The present work is also related to query log analysis and probabilistic topic modeling. Boldi et al. [5] introduced the notion of query-flow graphs to represent the knowledge about latent querying behavior. Poblete et al. [26] introduced a graph representation of the Web, which includes both structural and usage information. Deng and Lyu [14] proposed the Co-HITS algorithm to incorporate the query-URL bipartite graph with content information and establish its relation between the HITS and personalized PageRank algorithms. Sadikov et al. [30] approximated user search behavior by a Markov graph and partitioned the graph into a predefined number of query clusters. Craswell et al. [12] applied Markov random walk model to a large click log, producing a probabilistic ranking of documents for a given query. Recently, topic modeling is gaining momentum in textual data analysis. Blei et al. [4] proposed Latent Dirichlet Allocation (LDA) which derives the latent topics to capture the semantic relation between words in articles. Some extensions of LDA achieved good performances on named entity recognition [24], article analysis [20] and query log analysis [10, 19].

We notice that there are some related work about query clustering [38] and query suggestion [9]. Although they are conducted based on query log as well, they solve problems that are different from ours. The reason that our work is significantly different from query clustering is as follows. Our methods are primarily semi-supervised, meaning that some labeled data and predefined categories of interest are required. In contrast, query clustering is essentially unsupervised and the resultant clusters can be significantly deviated from the categories of interest. Hence, our methods and query clustering are applied in very different applications scenarios. The differences between our methods and query suggestion are essentially twofold: (1) Query suggestion aims to find some “relevant” queries which are similar to the input query. Hence, the primary goal of query suggestion is not classifying queries, which, however, is the focus of our work. (2) In commercial search engines such as Baidu and Yahoo, query classification is typically an upstream application of query suggestion, i.e., query classification are typically conducted preceding query suggestion. Therefore, our methods can be applied to enhance the existing query suggestion methods.

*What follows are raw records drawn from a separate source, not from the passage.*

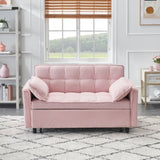 Folding sofa bed with adjustable back access to sofa recliner single bed Adult Modern chair bed W1658P176555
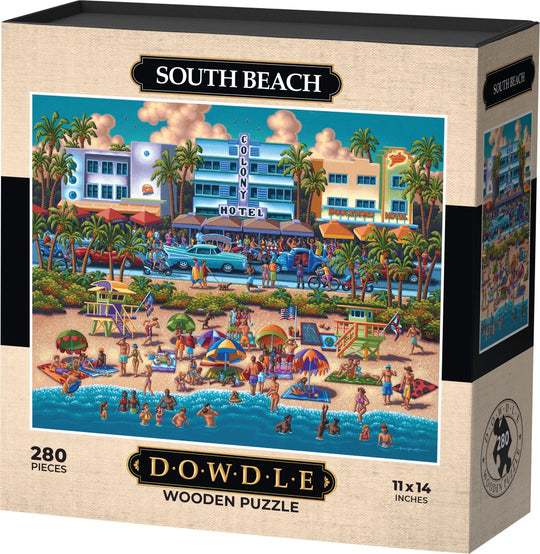 South Beach - Wooden Puzzle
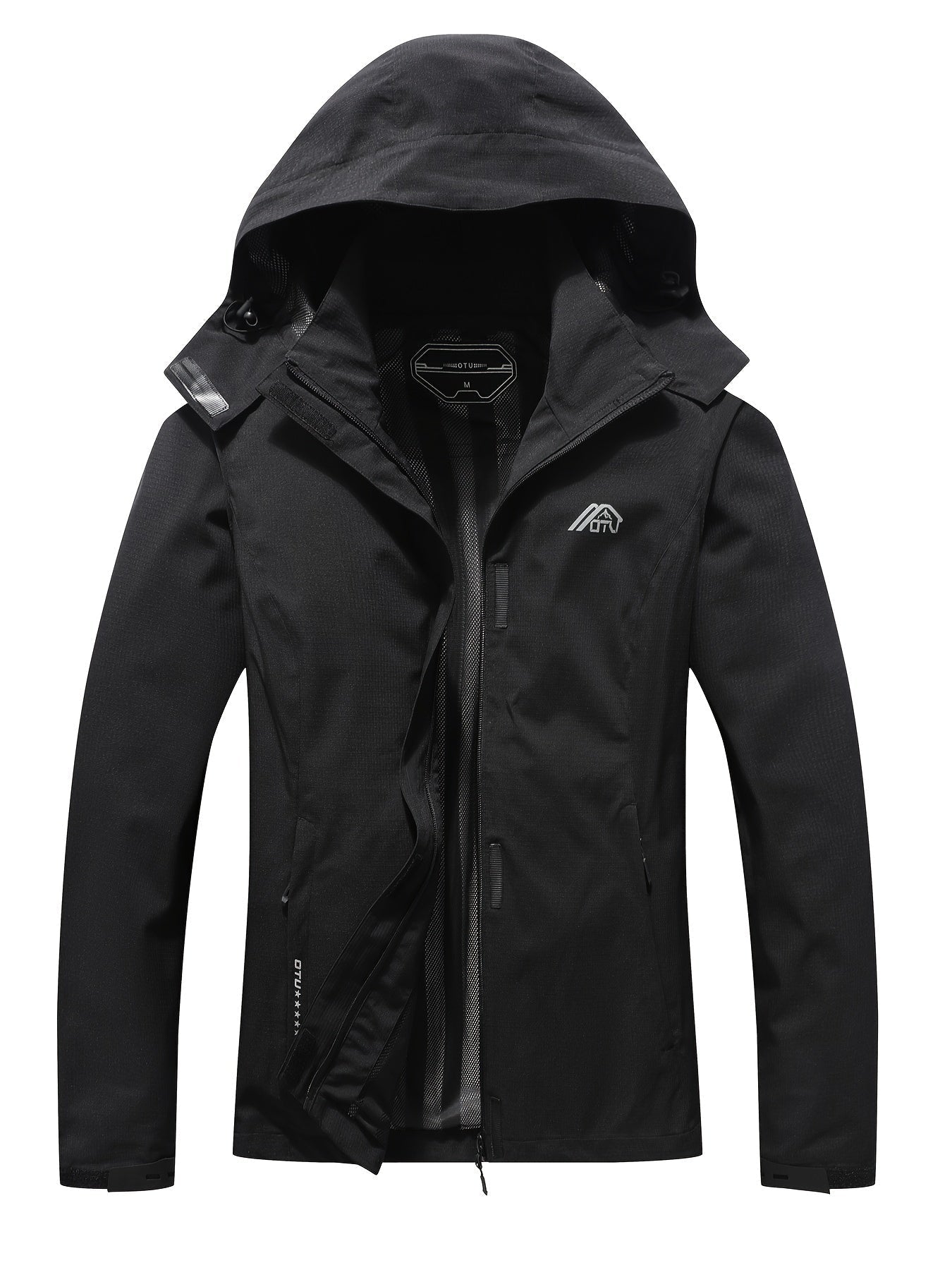 Lotte – Waterproof Windbreaker with Hood – For Spring, Autumn & Leisure Time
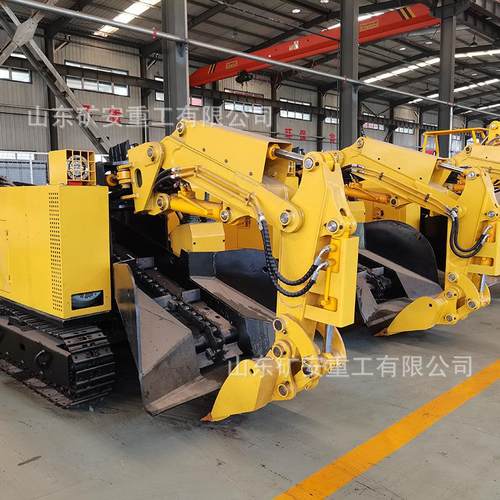 ZWY-60矿用扒渣机挖掘式装载机 多功能履带式扒渣机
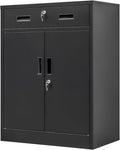 BESFUR 36" H Metal Cabinet by BESFUR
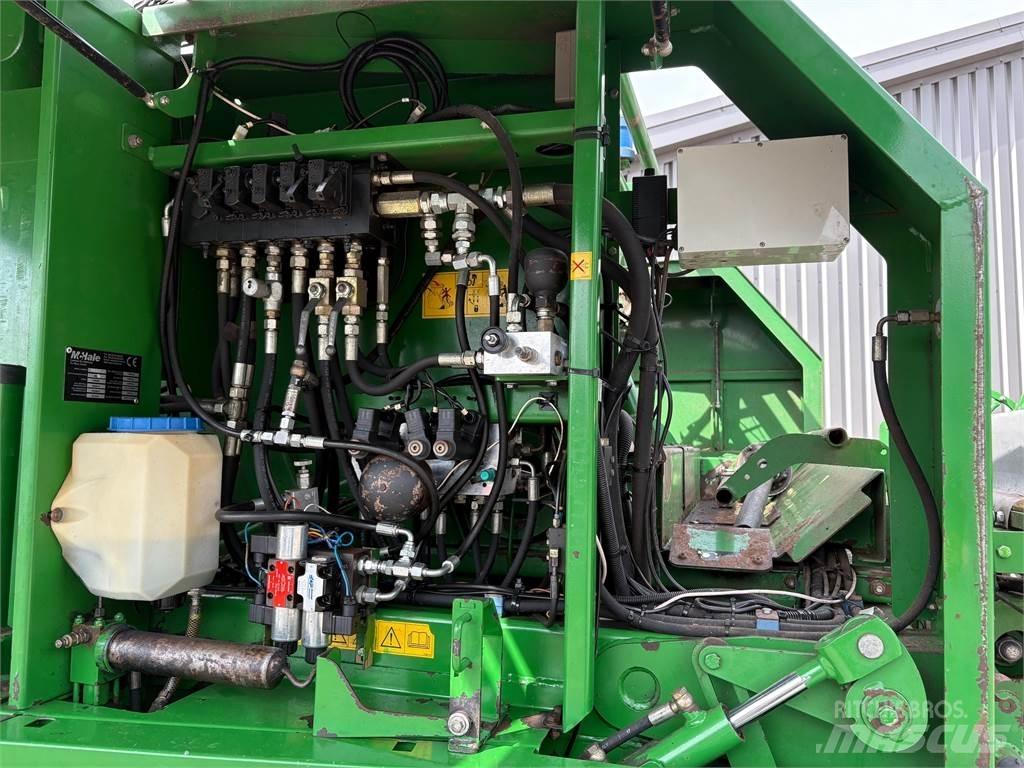 McHale Fusion Balirke za kockaste bale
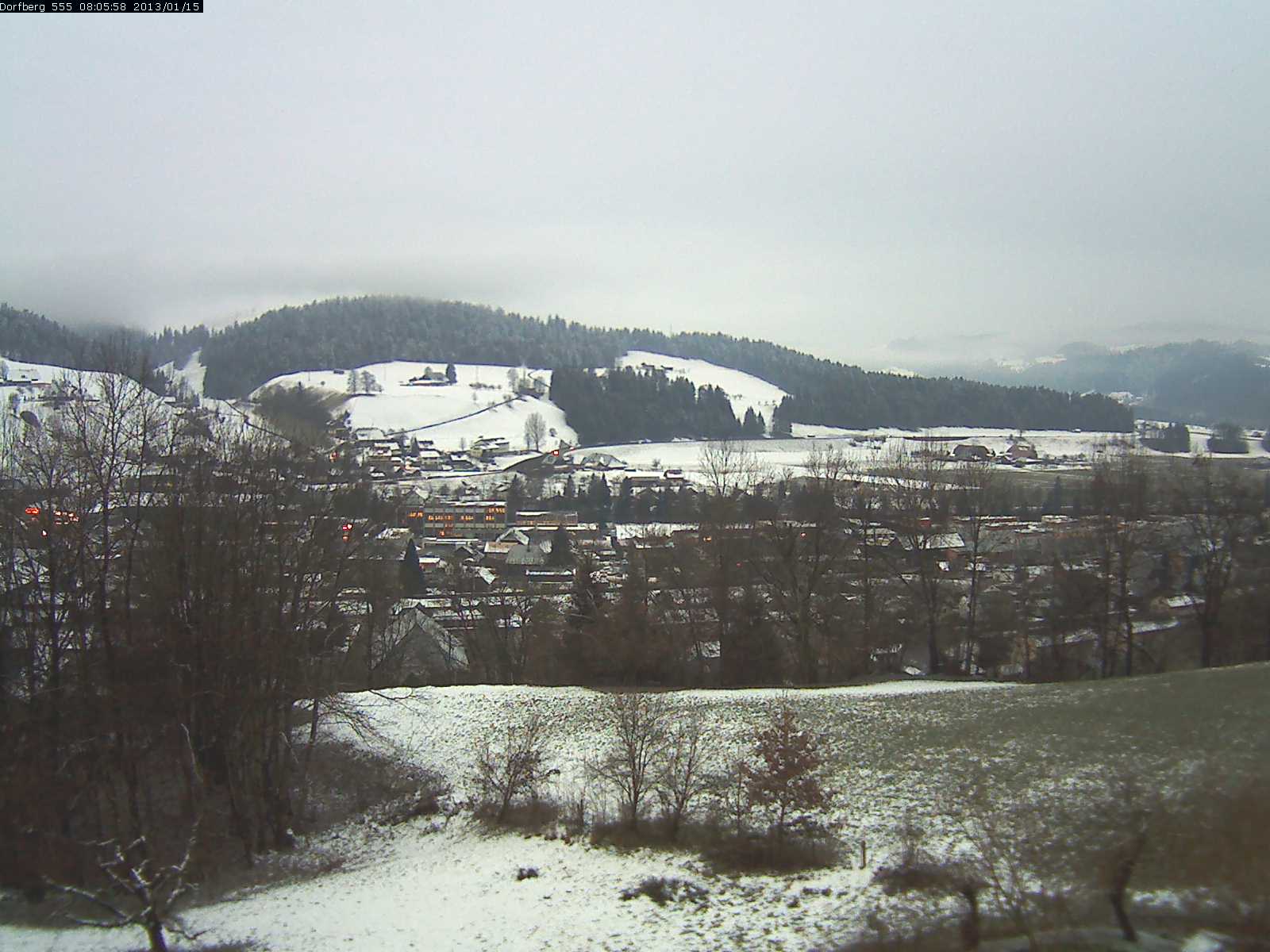 Webcam-Bild: Aussicht vom Dorfberg in Langnau 20130115-080600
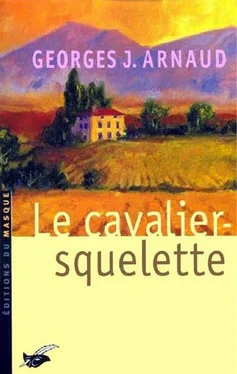 Georges-Jean Arnaud Le Cavalier-squelette обложка книги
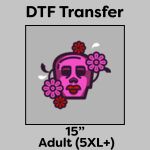 DTF Transfer 15" Thumbnail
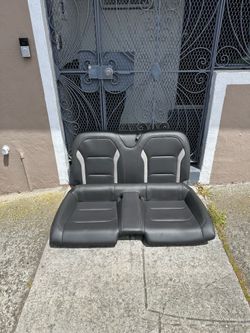 6th Gen Camaro 2SS Rear Seats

The differences between our work and the previous ones are essentially twofold. First, rather than relying on external knowledge bases, we focus on taking full advantage of the information available in the query log itself. We propose to collectively utilize three dimensions to comprehensively capture the information in query log, which is under-used in previous work. This multi-dimensional perspective fits well in the task of query intent mining. Second, our work investigates the effective ways of integrating the multi-dimensional information for query intent mining. To the best of our knowledge, no previous work has been done to conduct query intent mining by using such comprehensive information sources collectively and systematically.

3 Query log dimensions

In this section, we present the details of the three dimensions that we utilize for query intent mining. Some examples of query log entries are presented in Table 1. Each entry contains the query identifier, the user identifier, the search query, the timestamp at which the query is submitted, the rank of clicked snippet (if any) and the clicked URL (if any). Based on this information, we model the relations between search queries by the following three dimensions.

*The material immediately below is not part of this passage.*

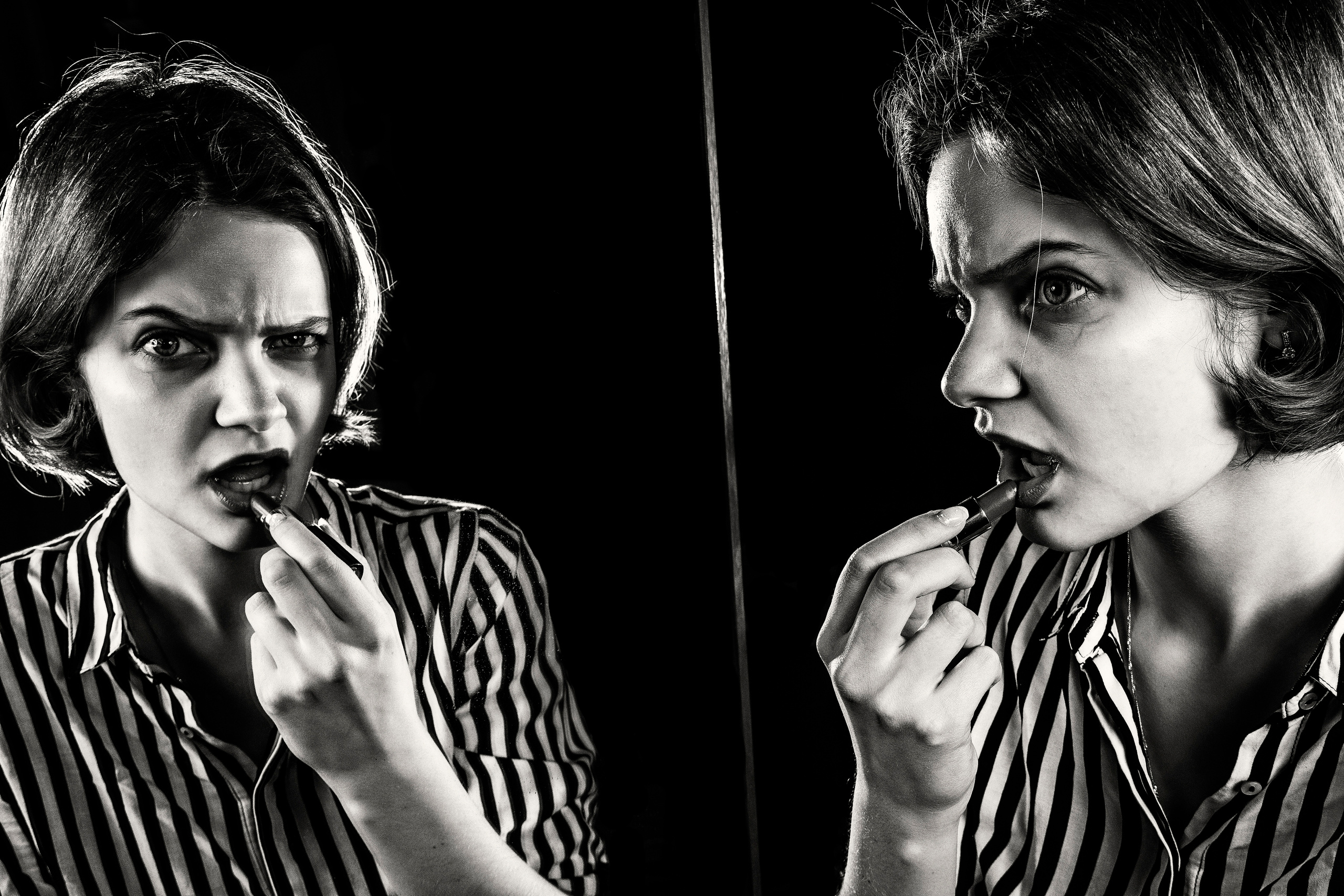 Алиса. Черно-белый фотограф Дмитрий Пчелкин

Table 1 Examples of search engine query log entries

3.1 URL dimension

The URL dimension aims at associating search queries via URL co-clicking. Search queries that result in the clickthrough on the same URL are associated with this dimension. For example, in Table 1, q 1 and q 5 can be related via the URL dimension since the two queries both result in clicking on the URL http://www.innsofcal.com/. Similar to previous work [22], clickthrough on the same URL are considered as a piece of explicit evidence for the commonality of query intent. As the clicked URLs are recorded for each query, this relation can be straightforwardly obtained from the query log.

3.2 Session dimension

A session is defined as a series of queries that are sequentially submitted by a user to satisfy the same information need. For example, in Table 1, q 2 and q 3 are submitted by the same user to search for information about a movie named “chicken run”, thus, the two queries can be considered to be from the same session. The intuition of this dimension is that the semantically coherent session consisting of consecutive queries serves as a bridge for query relevance. This dimension is introduced to capture the session co-existing relation between queries. The query reformulation taxonomy proposed in [18] consists of a series of rules that evaluate the lexical similarity between queries and demonstrates high precision in detecting semantically relevant ones. Thus, we utilize this taxonomy to discover the sessions from the query log.

3.3 Term dimension

After tokenization, each search query can be segmented into one or more terms. The term dimension is proposed to capture the term sharing relation between queries. Search queries that share at least one term are related by this relation. For instance, in Table 1, q 1 and q 4 share the same term “inn” and they can be related via the term dimension. In order to reduce the spurious relations, we use a stopword table [23] to filter out the noninformative terms.

4 Problem definition

Based on the query relations captured by the three dimensions discussed in Section 3, we aim to infer the intents of a set of unlabeled queries by using a small set of seed queries, i.e., a set of queries with manually labeled intents. We denote the query-intent matrix as F, in which the entry f i j is a real number indicating the probability that q i belongs to the intent c j . Given F, the posterior probability that q i belongs to c j is computed by the following formula:

$$ P(c_{j}|q_{i})=\frac{f_{ij}}{{\sum}_{k}f_{ik}}. $$
(1)

The instantiation of F is denoted as F 0. If query q i is manually labeled as c j , then the entry f i j in F 0 is 1, other entries in the ith row of F 0 are zeros. The entries which refer to the unlabeled queries are all zeros in F 0. Based on the query relations captured by the three dimensions and F 0, the query intent mining method estimates F, which determines the final intents of the queries. The notation used in this paper is presented in Table 2.

Table 2 Notation

5 Result-oriented framework

In the face of the multi-dimensional information, Result-Oriented Framework (ROF) adopts a prediction-combination paradigm: the intermediate results are first obtained from each individual dimension and then they are combined to generate the final result. We first establish the three matrices B U, B S and B T for the bipartite obtained via the URL, the session and the term dimension, respectively. The value of each entry in the three matrices is the frequency of observations associating the nodes from the rows and the columns:

  • B U: each row represents a unique query and each column represents a unique URL.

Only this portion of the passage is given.